EXERCISE OBJECTIVE:
From the listing below, retype exactly the line holding "한덕수 대선 예비후보가", the line holding "Catch 79 Seafood", and the lines between them; skip everything else.

PROVIDED RECORDS section start

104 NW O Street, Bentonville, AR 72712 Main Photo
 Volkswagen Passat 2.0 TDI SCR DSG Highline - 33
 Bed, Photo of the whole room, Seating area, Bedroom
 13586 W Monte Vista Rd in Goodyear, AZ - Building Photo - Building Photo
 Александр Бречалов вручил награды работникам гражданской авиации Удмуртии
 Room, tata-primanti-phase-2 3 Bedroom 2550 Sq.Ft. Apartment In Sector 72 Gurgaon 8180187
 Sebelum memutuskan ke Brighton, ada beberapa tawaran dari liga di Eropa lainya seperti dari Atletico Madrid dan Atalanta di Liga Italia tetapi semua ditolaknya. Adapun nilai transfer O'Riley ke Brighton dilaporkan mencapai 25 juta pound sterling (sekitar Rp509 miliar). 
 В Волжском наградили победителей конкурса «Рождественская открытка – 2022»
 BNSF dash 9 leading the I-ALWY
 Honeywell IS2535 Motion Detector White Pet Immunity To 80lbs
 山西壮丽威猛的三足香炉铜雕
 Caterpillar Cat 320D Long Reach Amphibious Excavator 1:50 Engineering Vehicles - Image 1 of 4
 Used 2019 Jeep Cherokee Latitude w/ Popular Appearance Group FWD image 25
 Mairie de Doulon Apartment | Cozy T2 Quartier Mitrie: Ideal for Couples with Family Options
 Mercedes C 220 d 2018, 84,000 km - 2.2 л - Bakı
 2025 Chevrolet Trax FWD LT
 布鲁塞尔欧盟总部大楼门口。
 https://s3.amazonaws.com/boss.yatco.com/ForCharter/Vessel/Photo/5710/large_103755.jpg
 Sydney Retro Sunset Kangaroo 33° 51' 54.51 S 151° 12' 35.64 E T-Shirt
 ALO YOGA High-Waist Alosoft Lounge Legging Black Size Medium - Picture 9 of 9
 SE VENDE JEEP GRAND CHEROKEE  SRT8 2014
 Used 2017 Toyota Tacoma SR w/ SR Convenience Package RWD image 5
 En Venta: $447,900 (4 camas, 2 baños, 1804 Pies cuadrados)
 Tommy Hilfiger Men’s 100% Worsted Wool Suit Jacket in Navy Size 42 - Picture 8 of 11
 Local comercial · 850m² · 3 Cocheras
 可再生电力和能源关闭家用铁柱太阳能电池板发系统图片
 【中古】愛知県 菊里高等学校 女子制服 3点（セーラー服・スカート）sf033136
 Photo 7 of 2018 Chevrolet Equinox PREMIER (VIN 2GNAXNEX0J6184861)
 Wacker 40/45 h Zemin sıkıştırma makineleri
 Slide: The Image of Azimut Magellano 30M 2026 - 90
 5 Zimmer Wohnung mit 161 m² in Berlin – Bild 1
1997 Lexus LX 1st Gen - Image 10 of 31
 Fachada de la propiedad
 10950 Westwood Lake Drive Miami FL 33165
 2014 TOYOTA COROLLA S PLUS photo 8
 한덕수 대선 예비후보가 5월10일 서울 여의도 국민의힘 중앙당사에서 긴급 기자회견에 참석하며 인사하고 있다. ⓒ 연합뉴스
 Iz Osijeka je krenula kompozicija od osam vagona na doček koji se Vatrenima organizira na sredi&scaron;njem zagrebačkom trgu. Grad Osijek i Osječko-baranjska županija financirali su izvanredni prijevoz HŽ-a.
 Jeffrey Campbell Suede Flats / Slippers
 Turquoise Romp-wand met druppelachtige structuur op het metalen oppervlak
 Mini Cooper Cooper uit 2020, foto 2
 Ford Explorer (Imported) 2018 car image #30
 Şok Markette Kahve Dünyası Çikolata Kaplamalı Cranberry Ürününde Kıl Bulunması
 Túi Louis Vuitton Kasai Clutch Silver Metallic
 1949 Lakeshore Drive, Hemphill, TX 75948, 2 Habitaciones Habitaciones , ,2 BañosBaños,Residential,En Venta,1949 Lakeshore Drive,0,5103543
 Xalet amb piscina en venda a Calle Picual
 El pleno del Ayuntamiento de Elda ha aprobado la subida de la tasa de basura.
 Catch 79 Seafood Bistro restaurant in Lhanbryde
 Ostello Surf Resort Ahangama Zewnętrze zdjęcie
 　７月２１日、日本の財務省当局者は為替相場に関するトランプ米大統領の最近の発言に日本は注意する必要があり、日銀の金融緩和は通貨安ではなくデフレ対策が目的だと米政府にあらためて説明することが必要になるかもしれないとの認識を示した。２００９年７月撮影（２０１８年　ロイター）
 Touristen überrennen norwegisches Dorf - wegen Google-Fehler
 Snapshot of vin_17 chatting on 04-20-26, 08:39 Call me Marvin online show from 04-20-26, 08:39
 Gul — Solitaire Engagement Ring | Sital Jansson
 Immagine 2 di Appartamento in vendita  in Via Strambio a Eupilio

PROVIDED RECORDS section end

SOLUTION TO THIS PROBLEM:
 한덕수 대선 예비후보가 5월10일 서울 여의도 국민의힘 중앙당사에서 긴급 기자회견에 참석하며 인사하고 있다. ⓒ 연합뉴스
 Iz Osijeka je krenula kompozicija od osam vagona na doček koji se Vatrenima organizira na sredi&scaron;njem zagrebačkom trgu. Grad Osijek i Osječko-baranjska županija financirali su izvanredni prijevoz HŽ-a.
 Jeffrey Campbell Suede Flats / Slippers
 Turquoise Romp-wand met druppelachtige structuur op het metalen oppervlak
 Mini Cooper Cooper uit 2020, foto 2
 Ford Explorer (Imported) 2018 car image #30
 Şok Markette Kahve Dünyası Çikolata Kaplamalı Cranberry Ürününde Kıl Bulunması
 Túi Louis Vuitton Kasai Clutch Silver Metallic
 1949 Lakeshore Drive, Hemphill, TX 75948, 2 Habitaciones Habitaciones , ,2 BañosBaños,Residential,En Venta,1949 Lakeshore Drive,0,5103543
 Xalet amb piscina en venda a Calle Picual
 El pleno del Ayuntamiento de Elda ha aprobado la subida de la tasa de basura.
 Catch 79 Seafood Bistro restaurant in Lhanbryde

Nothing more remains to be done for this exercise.